* [Brief] From the data that follows, copy every line holding the string "body".
************
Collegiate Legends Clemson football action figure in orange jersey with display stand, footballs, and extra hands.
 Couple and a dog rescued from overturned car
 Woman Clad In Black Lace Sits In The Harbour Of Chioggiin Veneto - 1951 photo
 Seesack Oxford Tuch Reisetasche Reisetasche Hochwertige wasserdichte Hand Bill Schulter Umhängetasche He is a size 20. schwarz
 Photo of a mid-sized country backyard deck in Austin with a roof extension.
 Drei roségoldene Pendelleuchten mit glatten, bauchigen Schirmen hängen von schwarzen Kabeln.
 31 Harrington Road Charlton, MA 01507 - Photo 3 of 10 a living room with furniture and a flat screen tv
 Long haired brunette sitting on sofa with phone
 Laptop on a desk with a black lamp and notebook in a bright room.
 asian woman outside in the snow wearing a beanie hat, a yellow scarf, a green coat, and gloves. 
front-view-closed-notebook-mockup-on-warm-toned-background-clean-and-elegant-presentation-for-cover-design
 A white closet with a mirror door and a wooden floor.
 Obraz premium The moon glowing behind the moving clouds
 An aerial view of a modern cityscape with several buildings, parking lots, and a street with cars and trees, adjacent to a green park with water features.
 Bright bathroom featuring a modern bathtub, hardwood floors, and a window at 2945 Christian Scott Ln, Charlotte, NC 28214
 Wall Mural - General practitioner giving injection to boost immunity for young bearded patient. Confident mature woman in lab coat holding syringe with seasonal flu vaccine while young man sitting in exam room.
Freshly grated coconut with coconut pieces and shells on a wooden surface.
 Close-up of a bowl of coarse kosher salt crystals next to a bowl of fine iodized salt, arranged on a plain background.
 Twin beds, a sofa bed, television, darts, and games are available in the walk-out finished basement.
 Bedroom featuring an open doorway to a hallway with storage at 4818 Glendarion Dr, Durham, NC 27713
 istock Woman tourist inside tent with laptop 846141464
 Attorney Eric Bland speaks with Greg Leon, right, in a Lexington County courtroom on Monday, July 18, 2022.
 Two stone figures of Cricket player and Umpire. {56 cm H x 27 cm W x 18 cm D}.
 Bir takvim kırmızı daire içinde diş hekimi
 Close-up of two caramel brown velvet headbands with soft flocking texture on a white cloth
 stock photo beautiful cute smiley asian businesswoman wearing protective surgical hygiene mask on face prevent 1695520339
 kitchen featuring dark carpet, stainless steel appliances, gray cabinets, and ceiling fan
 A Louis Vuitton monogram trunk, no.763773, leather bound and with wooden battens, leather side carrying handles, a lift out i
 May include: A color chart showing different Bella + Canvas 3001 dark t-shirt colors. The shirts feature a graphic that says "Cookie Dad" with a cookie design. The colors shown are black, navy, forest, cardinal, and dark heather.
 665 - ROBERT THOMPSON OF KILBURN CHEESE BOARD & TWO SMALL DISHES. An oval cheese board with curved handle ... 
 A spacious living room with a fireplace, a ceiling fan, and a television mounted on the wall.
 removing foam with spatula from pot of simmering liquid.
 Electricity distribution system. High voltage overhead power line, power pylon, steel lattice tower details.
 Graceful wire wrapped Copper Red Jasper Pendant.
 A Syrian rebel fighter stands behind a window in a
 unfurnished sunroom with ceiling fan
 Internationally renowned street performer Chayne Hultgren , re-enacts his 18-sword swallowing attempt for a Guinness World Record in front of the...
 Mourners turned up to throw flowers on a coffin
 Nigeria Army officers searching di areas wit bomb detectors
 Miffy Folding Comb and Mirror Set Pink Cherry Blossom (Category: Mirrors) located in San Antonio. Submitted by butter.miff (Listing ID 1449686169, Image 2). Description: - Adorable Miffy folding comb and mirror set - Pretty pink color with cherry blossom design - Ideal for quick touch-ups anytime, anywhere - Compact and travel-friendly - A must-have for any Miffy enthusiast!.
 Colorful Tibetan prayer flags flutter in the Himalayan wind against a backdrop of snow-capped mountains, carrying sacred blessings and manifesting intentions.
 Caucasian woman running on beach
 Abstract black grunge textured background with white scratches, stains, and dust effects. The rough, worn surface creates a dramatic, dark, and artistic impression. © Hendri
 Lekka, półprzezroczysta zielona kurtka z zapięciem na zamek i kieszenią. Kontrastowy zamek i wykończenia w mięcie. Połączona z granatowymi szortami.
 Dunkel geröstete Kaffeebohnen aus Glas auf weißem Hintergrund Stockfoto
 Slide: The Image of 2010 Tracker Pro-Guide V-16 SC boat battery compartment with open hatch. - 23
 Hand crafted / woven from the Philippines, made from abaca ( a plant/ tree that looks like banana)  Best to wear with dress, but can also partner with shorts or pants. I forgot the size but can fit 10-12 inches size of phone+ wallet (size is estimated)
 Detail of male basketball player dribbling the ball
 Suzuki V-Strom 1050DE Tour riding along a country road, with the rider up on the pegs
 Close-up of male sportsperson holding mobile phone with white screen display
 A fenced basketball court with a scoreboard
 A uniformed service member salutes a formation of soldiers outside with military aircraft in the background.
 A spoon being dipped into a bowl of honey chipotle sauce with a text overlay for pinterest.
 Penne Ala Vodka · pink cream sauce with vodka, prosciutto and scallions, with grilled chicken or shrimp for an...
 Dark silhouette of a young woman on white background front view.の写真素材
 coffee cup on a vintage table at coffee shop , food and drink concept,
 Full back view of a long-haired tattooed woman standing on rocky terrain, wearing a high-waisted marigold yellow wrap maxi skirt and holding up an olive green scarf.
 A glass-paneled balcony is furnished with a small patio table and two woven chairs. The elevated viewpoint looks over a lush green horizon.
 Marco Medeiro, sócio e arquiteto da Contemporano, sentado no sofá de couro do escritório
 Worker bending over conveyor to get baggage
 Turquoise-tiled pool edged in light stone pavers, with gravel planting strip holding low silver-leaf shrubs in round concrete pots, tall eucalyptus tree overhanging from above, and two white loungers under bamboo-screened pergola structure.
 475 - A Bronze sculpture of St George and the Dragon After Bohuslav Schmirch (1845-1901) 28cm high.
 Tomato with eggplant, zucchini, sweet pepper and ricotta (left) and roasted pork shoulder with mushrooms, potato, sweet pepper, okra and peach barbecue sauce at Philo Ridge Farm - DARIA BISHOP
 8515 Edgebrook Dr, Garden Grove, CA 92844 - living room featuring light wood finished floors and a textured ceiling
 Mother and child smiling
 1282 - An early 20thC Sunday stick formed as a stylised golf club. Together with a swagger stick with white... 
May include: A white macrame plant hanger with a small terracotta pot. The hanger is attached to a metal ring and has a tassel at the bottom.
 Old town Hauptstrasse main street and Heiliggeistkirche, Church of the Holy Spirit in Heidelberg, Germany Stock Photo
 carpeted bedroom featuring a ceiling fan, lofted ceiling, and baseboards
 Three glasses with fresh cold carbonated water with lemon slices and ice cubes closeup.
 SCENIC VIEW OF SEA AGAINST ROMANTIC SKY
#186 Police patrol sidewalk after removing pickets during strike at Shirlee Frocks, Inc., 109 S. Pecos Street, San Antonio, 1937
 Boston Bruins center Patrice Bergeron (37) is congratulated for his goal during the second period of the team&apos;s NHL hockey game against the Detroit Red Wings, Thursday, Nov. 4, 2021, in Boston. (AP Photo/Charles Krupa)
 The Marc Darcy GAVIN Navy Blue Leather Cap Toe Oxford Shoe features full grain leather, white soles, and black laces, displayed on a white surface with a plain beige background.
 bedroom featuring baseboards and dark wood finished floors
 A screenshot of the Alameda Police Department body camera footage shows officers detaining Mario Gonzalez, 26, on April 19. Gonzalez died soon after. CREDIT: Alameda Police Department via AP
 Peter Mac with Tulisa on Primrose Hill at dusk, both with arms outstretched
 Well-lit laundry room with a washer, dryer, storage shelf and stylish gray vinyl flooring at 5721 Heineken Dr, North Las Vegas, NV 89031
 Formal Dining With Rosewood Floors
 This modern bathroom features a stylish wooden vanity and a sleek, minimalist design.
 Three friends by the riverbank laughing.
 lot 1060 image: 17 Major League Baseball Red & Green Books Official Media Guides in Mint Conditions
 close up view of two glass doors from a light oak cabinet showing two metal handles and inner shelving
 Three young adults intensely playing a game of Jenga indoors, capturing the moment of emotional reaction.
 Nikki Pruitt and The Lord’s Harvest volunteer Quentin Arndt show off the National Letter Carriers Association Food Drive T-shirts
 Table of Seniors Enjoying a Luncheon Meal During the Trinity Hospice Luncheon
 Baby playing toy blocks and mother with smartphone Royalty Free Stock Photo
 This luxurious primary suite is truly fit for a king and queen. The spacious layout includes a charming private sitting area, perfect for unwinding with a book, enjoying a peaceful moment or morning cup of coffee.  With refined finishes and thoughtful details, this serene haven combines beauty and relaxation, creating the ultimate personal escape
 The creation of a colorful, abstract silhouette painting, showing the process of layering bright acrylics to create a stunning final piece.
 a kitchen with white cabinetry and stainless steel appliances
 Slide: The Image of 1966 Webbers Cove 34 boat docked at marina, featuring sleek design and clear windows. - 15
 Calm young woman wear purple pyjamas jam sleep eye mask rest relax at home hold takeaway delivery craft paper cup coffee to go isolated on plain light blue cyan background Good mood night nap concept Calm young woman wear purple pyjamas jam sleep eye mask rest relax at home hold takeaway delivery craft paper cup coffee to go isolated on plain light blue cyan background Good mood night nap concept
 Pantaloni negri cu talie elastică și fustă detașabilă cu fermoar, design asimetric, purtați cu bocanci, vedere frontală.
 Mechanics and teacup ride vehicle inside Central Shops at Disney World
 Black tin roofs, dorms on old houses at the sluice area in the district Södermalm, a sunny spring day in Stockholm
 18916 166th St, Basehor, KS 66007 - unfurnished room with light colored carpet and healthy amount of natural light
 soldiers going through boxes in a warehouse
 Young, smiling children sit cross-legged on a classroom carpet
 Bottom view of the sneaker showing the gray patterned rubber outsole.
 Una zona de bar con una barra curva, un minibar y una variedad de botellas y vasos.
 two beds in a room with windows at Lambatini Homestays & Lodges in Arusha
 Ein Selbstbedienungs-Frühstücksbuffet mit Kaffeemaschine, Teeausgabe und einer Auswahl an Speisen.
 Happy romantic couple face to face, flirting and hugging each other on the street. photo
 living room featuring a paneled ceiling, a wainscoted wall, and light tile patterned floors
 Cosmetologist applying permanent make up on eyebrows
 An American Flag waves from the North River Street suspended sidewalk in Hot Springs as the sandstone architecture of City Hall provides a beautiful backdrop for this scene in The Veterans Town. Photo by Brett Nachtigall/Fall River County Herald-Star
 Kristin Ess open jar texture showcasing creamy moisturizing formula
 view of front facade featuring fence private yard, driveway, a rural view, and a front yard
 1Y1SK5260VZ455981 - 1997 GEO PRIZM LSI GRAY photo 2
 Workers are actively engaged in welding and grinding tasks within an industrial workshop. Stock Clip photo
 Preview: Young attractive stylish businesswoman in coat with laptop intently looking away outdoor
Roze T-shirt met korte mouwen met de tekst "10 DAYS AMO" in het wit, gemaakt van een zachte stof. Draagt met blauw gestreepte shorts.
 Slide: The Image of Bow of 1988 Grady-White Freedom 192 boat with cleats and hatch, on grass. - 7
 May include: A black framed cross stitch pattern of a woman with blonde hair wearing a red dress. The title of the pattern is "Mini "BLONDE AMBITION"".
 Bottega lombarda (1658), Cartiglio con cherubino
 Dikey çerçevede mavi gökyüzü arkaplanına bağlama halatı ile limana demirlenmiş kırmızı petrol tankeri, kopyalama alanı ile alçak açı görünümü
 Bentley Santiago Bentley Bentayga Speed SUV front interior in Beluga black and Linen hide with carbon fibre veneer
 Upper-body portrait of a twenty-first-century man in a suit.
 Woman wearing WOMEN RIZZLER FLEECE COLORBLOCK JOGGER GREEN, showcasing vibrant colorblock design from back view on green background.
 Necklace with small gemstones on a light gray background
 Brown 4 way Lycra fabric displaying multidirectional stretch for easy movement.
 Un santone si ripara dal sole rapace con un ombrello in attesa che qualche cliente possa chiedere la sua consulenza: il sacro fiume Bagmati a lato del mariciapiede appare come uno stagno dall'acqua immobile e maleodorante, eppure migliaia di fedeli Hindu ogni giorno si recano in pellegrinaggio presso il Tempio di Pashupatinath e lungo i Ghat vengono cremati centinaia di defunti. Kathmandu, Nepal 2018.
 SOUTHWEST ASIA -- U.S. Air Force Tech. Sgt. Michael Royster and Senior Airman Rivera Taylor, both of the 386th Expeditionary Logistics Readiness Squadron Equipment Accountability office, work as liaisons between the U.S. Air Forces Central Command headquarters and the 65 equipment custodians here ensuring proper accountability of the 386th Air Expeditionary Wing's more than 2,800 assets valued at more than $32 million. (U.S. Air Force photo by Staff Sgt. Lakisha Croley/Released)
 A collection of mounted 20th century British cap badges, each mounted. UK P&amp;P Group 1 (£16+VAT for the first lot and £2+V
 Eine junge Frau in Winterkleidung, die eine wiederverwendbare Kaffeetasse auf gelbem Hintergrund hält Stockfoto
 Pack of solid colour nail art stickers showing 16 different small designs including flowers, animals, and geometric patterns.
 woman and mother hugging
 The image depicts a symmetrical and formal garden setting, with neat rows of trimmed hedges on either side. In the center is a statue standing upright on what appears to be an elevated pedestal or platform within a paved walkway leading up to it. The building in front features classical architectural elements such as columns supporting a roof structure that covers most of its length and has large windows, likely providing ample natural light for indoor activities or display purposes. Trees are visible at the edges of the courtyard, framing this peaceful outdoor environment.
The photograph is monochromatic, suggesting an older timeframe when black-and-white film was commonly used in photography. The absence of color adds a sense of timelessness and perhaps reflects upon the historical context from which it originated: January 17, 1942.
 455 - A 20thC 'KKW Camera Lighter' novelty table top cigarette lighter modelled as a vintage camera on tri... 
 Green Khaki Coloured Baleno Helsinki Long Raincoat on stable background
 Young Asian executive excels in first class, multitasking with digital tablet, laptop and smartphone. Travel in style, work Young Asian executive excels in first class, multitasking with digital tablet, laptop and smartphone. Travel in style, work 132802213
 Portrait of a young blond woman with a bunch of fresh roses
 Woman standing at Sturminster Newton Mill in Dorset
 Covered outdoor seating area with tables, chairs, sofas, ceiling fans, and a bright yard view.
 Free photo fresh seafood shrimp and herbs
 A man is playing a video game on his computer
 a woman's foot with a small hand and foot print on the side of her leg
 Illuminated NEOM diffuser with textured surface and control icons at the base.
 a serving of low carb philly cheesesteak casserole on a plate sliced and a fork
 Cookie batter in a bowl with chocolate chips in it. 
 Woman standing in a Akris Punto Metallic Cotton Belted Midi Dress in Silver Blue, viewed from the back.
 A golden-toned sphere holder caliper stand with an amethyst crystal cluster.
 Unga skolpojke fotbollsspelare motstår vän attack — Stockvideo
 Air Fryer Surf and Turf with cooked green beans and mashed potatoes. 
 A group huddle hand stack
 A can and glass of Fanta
************
* [Response to the task]
 A screenshot of the Alameda Police Department body camera footage shows officers detaining Mario Gonzalez, 26, on April 19. Gonzalez died soon after. CREDIT: Alameda Police Department via AP
 Upper-body portrait of a twenty-first-century man in a suit.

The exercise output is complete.